Caption-style text data

BEGIN

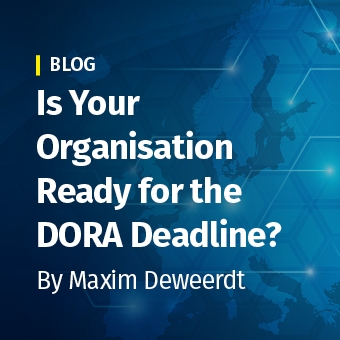 Is Your Organisation Ready for the DORA Deadline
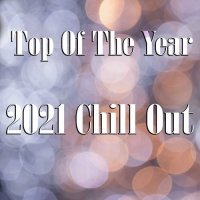 VA - Top Of The Year 2021 Chill Out (2021) MP3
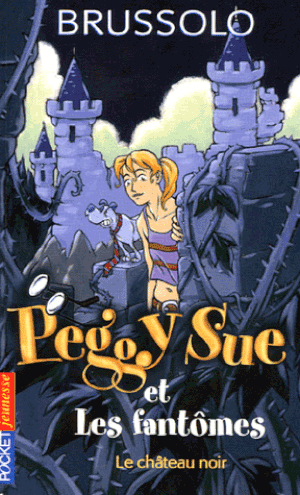 Le Château noir - Peggy Sue et les Fantômes, tome 5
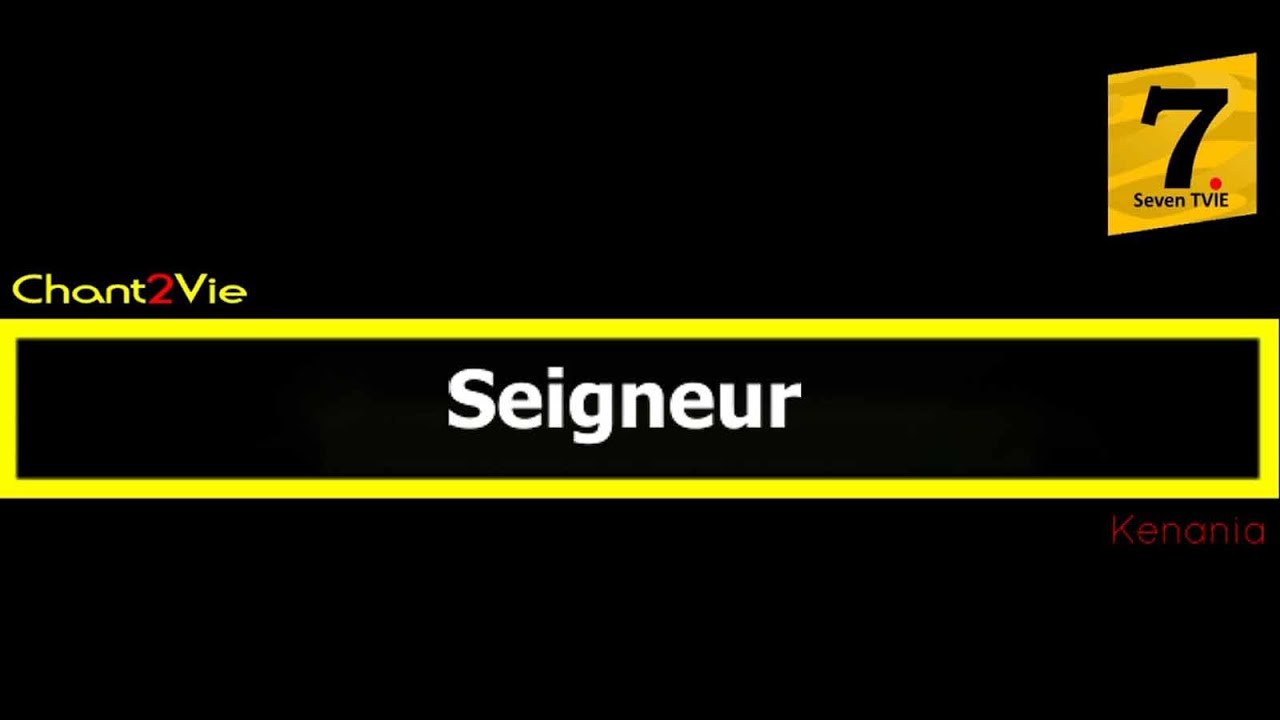 Chant2Vie - Seigneur (Kenania)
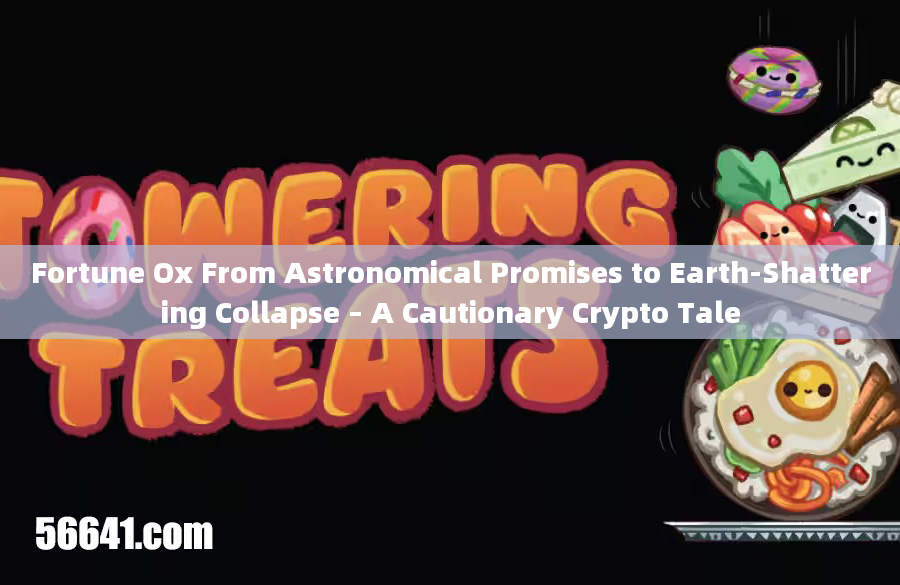 Fortune Ox From Astronomical Promises to Earth-Shattering Collapse – A Cautionary Crypto Tale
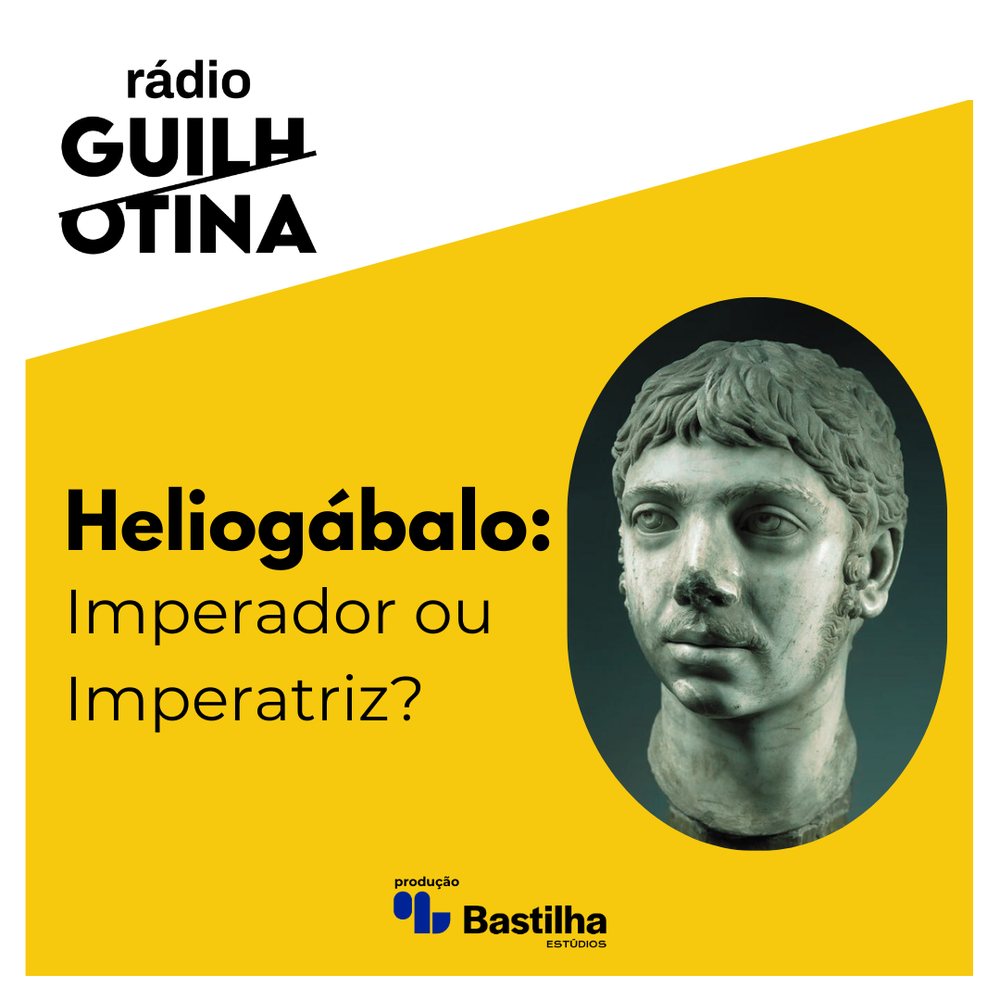 Heliogábalo: Imperador ou Imperatriz?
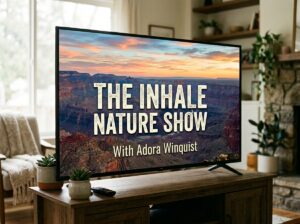 The Inhale Nature Show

END

# WHAT YOU ARE ASKED TO DO:
Nothing but an exact copy is needed, covering the lines from the line with "VA - Top Of" through the last line of the entries, pictures excluded.

# REPLY TO THE TASK:
 VA - Top Of The Year 2021 Chill Out (2021) MP3
 Le Château noir - Peggy Sue et les Fantômes, tome 5
 Chant2Vie - Seigneur (Kenania)
 Fortune Ox From Astronomical Promises to Earth-Shattering Collapse – A Cautionary Crypto Tale
 Heliogábalo: Imperador ou Imperatriz?
 The Inhale Nature Show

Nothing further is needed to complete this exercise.